Однажды у меня была выставка в галерее, и туда привели целый класс детишек, и они исписали отзывами целую книгу. Вот я жалею, что не взяла эту книгу, хотя владелец галереи предлагал взять. Это был такой восторг — то, что они написали!
И я поняла, что у детей самое чистое сознание и самое чистое восприятие. А взрослым, конечно, сложнее ориентироваться, потому что у большинства людей ложная изначальная установка — пытаться понять. А живопись и музыку не нужно мучительно пытаться понять. Вот что такое, на самом деле, понять музыку? Понять живопись? Они ориентированы на абсолютно другие каналы восприятия, это биология скорее.
Но Вы же что-то вкладываете в работы. И люди вполне обоснованно думают: «Так, сейчас надо получить то, что туда вложили».
Но картины воздействуют в совершенно другой форме, и зритель, скорее всего, даже не отдает себе отчет в том, что он уже что-то получает. Художник — это же не работа, не профессия; это форма жизни, сознания, мышления. И все внутренние движения, эмоции, процессы находят выражение в живописи.
Расскажите, как Вы пишете?
Это происходит очень экспрессивно и ярко. Начинается обычно с какого-то цветового пятна в сознании — вдруг желтый или зеленый. И я чувствую, что хочу сделать именно такую живопись. Или вот эта работа — зеленый и красный. А когда я ее начинаю делать, оформляется текст внутри сознания: к примеру, «это музыка, значит, это будет пианист» (показывает). Вот это зеленое существо — это пианист.
Потом большое желтое пятно на синем. Я начинаю его делать и чувствую, что это Победоносец. Это подсознательный процесс, сложный и вряд ли объяснимый. У меня это непредсказуемый поток бесконечных импровизаций.
Можно разделить Ваши работы на веселые и грустные, связанные с радостью или тоской?
Нет, такой конкретной связи нет.
Тогда какую систему координат выбрать, чтобы их воспринимать? Точнее, если смотреть Ваши картины в классическом выставочном пространстве, то насколько важна окружающая среда, формат, объем?
А Вы знаете, что удивительно: я очень долго была уверена, что большое пространство совершенно необходимо. А потом в очередной раз убедилась, что нечего вбивать какие-то гвозди — оказалось, что это очередной гвоздь.

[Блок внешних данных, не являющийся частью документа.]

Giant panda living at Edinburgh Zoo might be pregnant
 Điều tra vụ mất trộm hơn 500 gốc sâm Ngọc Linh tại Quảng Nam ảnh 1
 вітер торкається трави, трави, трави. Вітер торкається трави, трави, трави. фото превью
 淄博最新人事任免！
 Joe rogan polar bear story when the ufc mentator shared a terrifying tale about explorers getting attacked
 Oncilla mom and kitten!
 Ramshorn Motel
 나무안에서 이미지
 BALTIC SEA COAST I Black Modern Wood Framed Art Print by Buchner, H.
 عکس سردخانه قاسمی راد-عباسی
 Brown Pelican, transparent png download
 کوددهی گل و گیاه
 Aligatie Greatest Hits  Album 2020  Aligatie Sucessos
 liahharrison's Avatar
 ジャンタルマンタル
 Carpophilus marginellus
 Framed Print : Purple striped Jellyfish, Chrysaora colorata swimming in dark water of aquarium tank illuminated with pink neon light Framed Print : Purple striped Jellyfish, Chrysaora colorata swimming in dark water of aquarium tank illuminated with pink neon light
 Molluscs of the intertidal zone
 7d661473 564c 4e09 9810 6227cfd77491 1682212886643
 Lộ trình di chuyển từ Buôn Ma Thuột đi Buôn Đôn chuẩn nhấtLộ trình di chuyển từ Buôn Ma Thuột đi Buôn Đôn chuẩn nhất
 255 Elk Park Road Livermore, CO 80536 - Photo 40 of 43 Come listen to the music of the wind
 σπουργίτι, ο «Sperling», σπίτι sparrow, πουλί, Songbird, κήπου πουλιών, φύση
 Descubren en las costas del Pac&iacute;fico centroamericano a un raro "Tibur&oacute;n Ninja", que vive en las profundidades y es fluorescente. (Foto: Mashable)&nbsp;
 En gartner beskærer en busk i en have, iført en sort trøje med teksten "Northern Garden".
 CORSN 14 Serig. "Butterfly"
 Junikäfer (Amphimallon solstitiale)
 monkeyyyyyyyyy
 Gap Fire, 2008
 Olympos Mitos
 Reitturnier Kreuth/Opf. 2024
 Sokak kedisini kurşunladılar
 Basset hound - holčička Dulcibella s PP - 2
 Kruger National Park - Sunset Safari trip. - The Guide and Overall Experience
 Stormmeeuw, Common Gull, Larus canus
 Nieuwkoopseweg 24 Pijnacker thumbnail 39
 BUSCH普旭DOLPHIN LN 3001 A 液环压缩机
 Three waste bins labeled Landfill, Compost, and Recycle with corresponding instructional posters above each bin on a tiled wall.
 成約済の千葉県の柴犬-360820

Как это обнаружилось? Одно время ездила в Данию, когда работала с одной датской галереей, которая имела дело в основном только с русскими художниками. Датчане спокойно покупали мои картины вот такого размера (показывает), притом покупали в обычные дома. Я была в гостях в нескольких домах, где висели мои картины. Там они, как правило, висели в небольших комнатах, буквально на всю стену. И они работали! Я этому поразилась и обрадовалась. А больше всего поразилась тому, что люди, которые их покупали, оказалось, изначально чувствовали это, то есть то, что картины будут работать в этих небольших и не пустых пространствах, где тут же стоит нормальная человеческая мебель. А на стене висит большая картина … и звучит.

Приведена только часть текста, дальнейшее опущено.